In December 2021, CSEC — which owns the NHL's Calgary Flames, the WHL's Calgary Hitmen, the CFL's Calgary Stampeders and the NLL's Calgary Roughnecks — pulled out of the arena deal just as construction was about to begin after cost estimates grew millions over budget.
Months later in 2022, after the City of Calgary and CSEC agreed to resume talks, CAA Icon was hired to represent the city in the negotiations.
$956K for negotiator was 'commercially confidential'
In May, the City of Calgary previously told CBC News the dollar amount it paid CAA Icon was "commercially confidential."
"As the project progresses, the city intends to release relevant information, including further costs, when it is able to do so," reads a statement from the city issued in May.
However, after CBC News filed a request under Alberta's Freedom of Information and Protection of Privacy legislation (FOIP) to obtain the payment, the city has now released the figure.
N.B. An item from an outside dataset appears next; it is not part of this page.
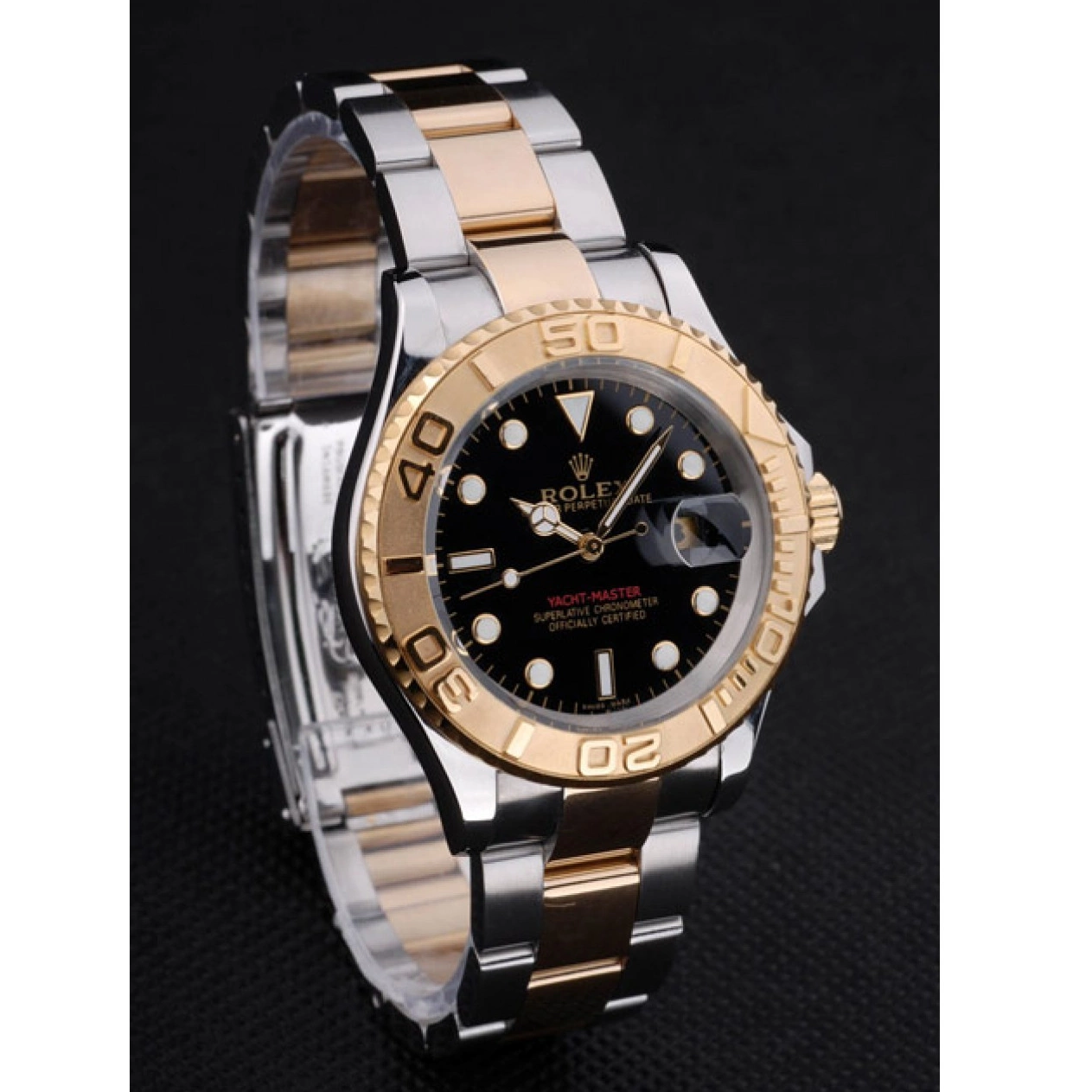 Aaa replica watch Yacht-Master-rl97 Rolex 0513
On Tuesday, the city told CBC News it paid the American firm $956,000 for 15 months of work on the arena file.
The city's general manager of infrastructure services, Michael Thompson, says the fee paid to CAA is worth less than 0.1 per cent of the value of the agreements.
"Typically, as we work with consulting teams in this field, we would be looking at what's a percentage of the total deal? And so, at less than one per cent of the total deal price, we feel that was really great value for Calgarians," said Thompson.
"We really valued the work that we did with CAA Icon, helping us to structure this deal."
He says the entire process was about finding the best value and the best outcome for Calgarians, something he believes the company understood.
The entire project — including Scotia Place and the new entertainment district — has a value of almost $1.2 billion. Its design was unveiled earlier this week.
CAA Icon is now working for the city in another capacity.
It is the development manager for the new arena, which includes overseeing the design process, obtaining necessary approvals and guiding the construction of the event centre block over the course of a three-year period.
For that job, the company is being paid $18.9 million, and CAA Icon won the contract after a competitive bid process earlier in 2023.
The groundbreaking was held earlier this week for the new Scotia Place arena. It's slated to open in 2027.
The city-owned building will be the home of the Calgary Flames for 35 years, under the terms of the agreement.
CSEC will be in charge of operating the building and it will earn revenues from the use of the facility, but has agreed to pay the city $17 million per year for the use of the building, an amount that will increase by one per cent annually over the term of the deal.